Purtroppo l’allegato ignora totalmente alcune città della nostra regione, ad iniziare da Pergola, con il suo museo dei Bronzi. Tra l’altro, nell’inserto, è stata riportata addirittura una carta geografica della regione dalla quale è stata “sbianchettata” gran parte della valle del Cesano.

Per dirla con molta chiarezza, per la Regione Marche Pergola non esisterebbe più. A questo punto sarebbe davvero interessante conoscere le motivazioni che hanno portato a “cancellare” alcuni centri della valle del Cesano (non solo Pergola, ma anche Mondolfo, Monte Porzio, Mondavio, San Lorenzo in Campo). Stesso atteggiamento anche nei confronti di alcuni centri della provincia di Ancona come Corinaldo, Trecastelli, Castelleone di Suasa, Arcevia, Sassoferrato.

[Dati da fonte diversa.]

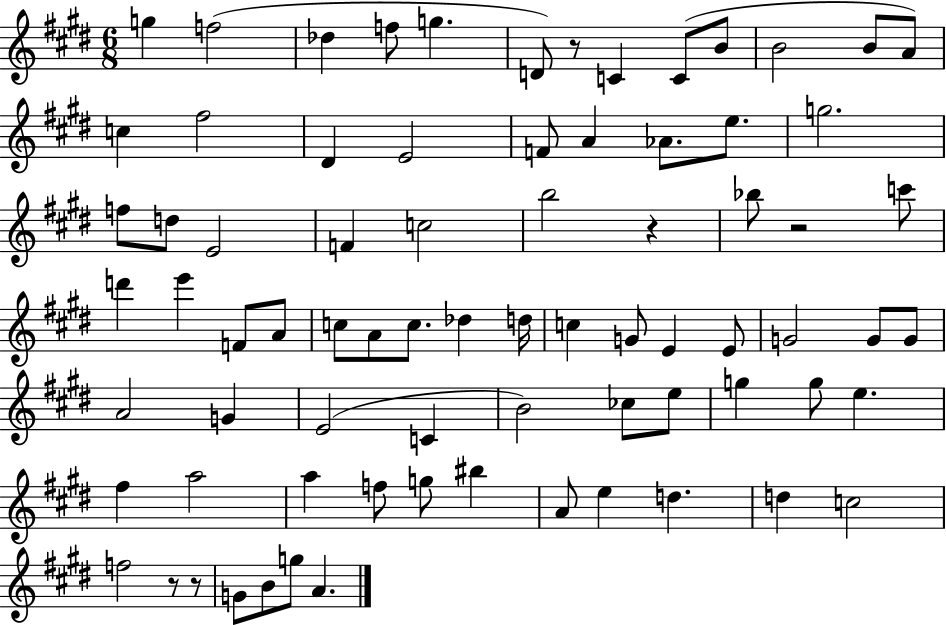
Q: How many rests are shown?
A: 5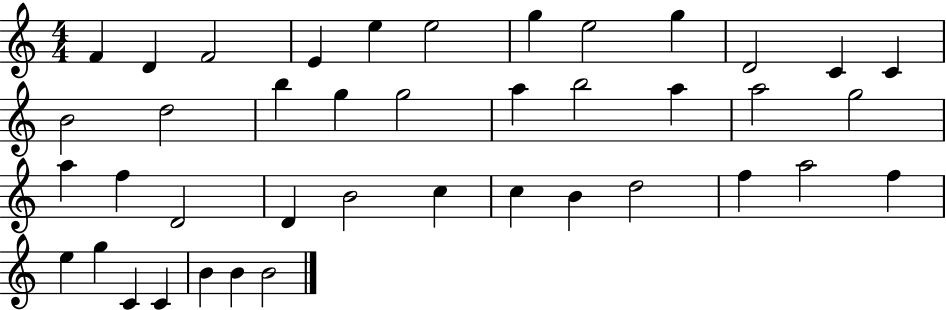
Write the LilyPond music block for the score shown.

Perché, quindi, promozionare alcune cittadine ed altre no? Ci saranno, a quanto sembra, altri due inserti dedicati alla nostra regione e, molto probabilmente, si coglierà l’occasione per parlare anche delle bellezze e della storia di altri territori, Pergola compresa. Ma era davvero necessario cancellare (come si vede chiaramente nella foto) i nomi delle nostre città dalla cartina geografica?